Problem details:
Set down again each entry exactly as it reads, pictures excluded.

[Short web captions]
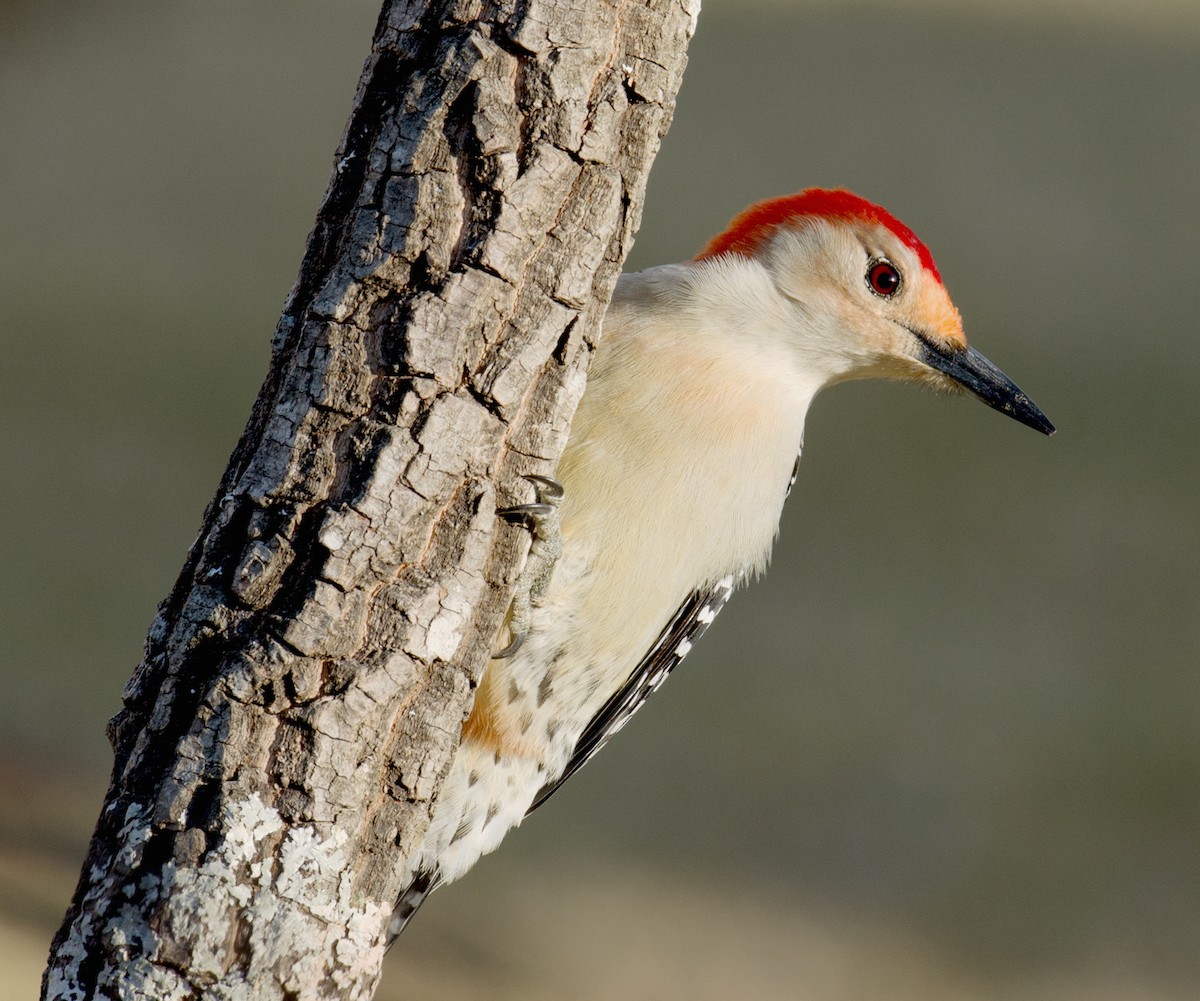 Red-bellied Woodpecker - Jack and Shirley Foreman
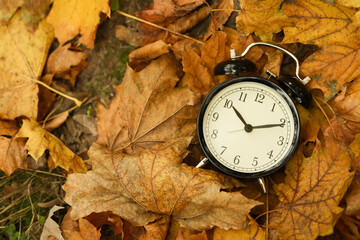 Autumn time. Alarm clock on fallen leaves, top view with space for text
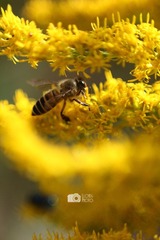 IMG_0123.jpg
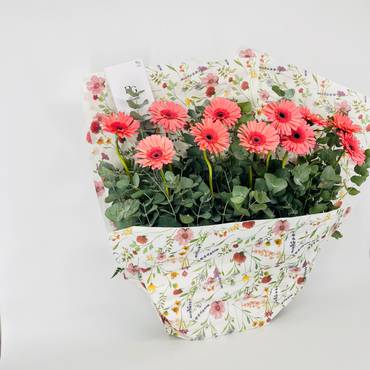 صورة مصغرة 3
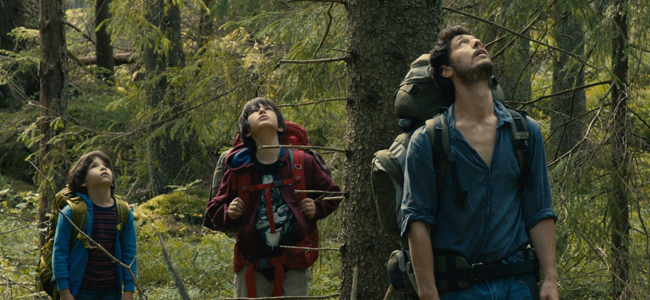 visual_picforest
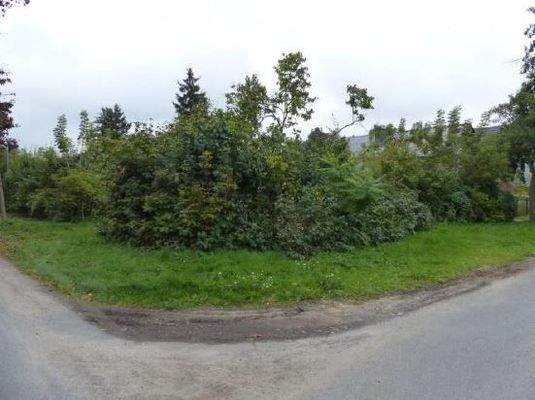 Machnower Seestraße/Erlenweg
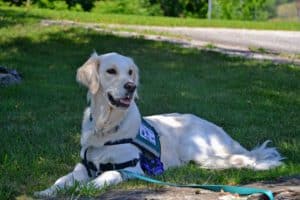 Service Dog 2098366 1920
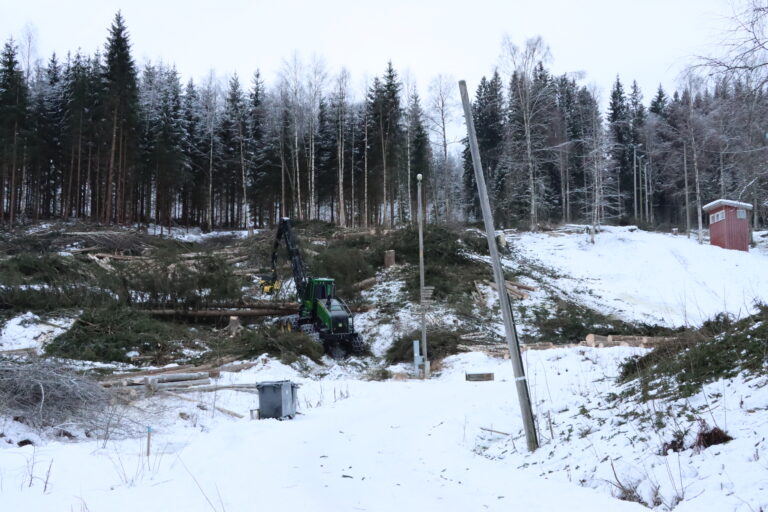 Nå jobbes det med hugge ned trær i Puttara. Slik ser det ut 2. februar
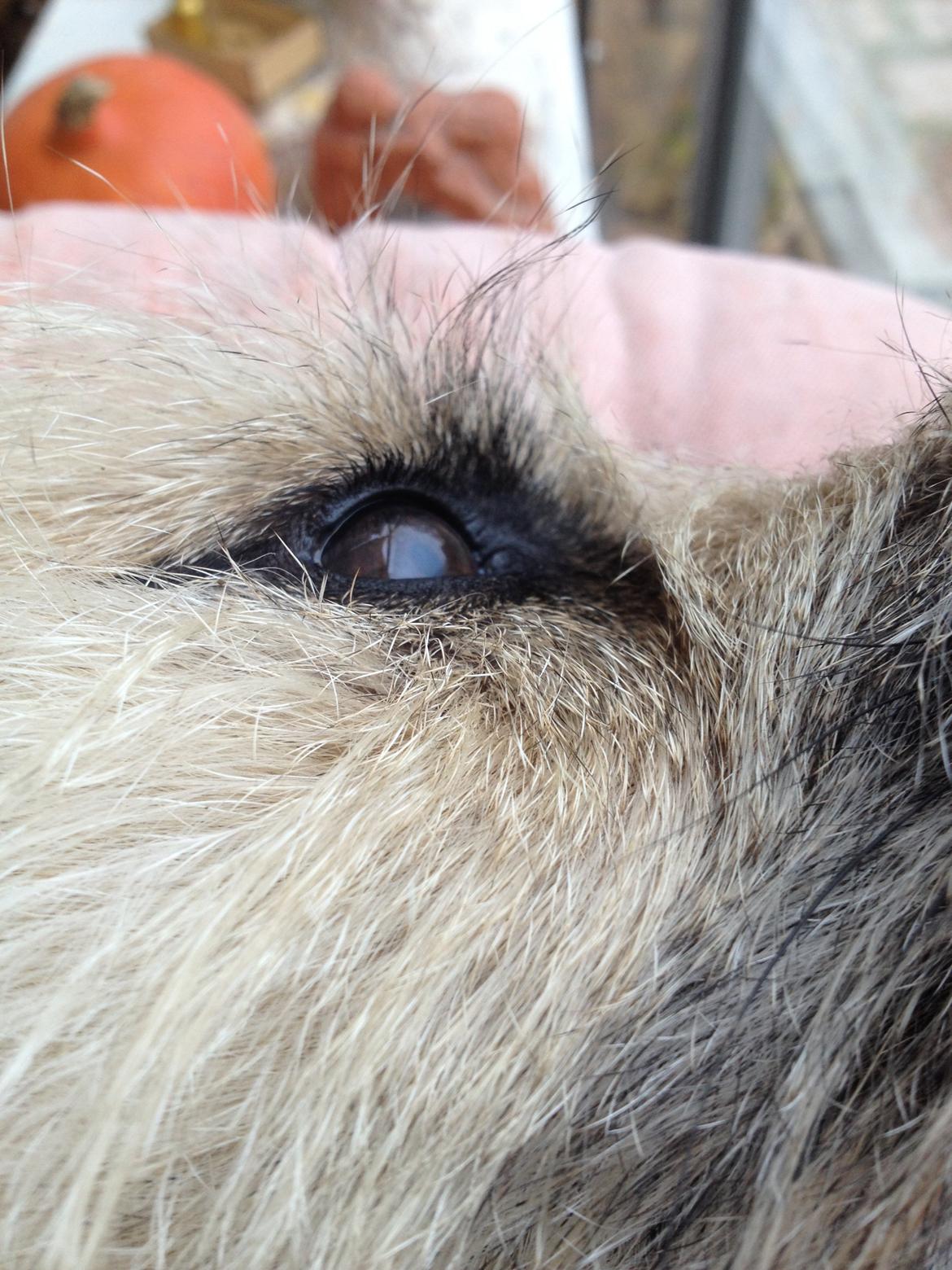 Cairn terrier Muffi billede 16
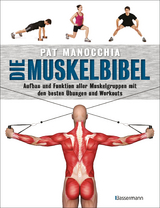 Die Muskelbibel. Aufwärmtraining, Muskelaufbautraining, Kraftausdauertraining, Maximalkrafttraining. Mit und ohne Geräte. Für Anfänger und Fortgeschrittene - Pat Manocchia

Completed task:
 Red-bellied Woodpecker - Jack and Shirley Foreman
 Autumn time. Alarm clock on fallen leaves, top view with space for text
 IMG_0123.jpg
 صورة مصغرة 3
 visual_picforest
 Machnower Seestraße/Erlenweg
 Service Dog 2098366 1920
 Nå jobbes det med hugge ned trær i Puttara. Slik ser det ut 2. februar
 Cairn terrier Muffi billede 16
 Die Muskelbibel. Aufwärmtraining, Muskelaufbautraining, Kraftausdauertraining, Maximalkrafttraining. Mit und ohne Geräte. Für Anfänger und Fortgeschrittene - Pat Manocchia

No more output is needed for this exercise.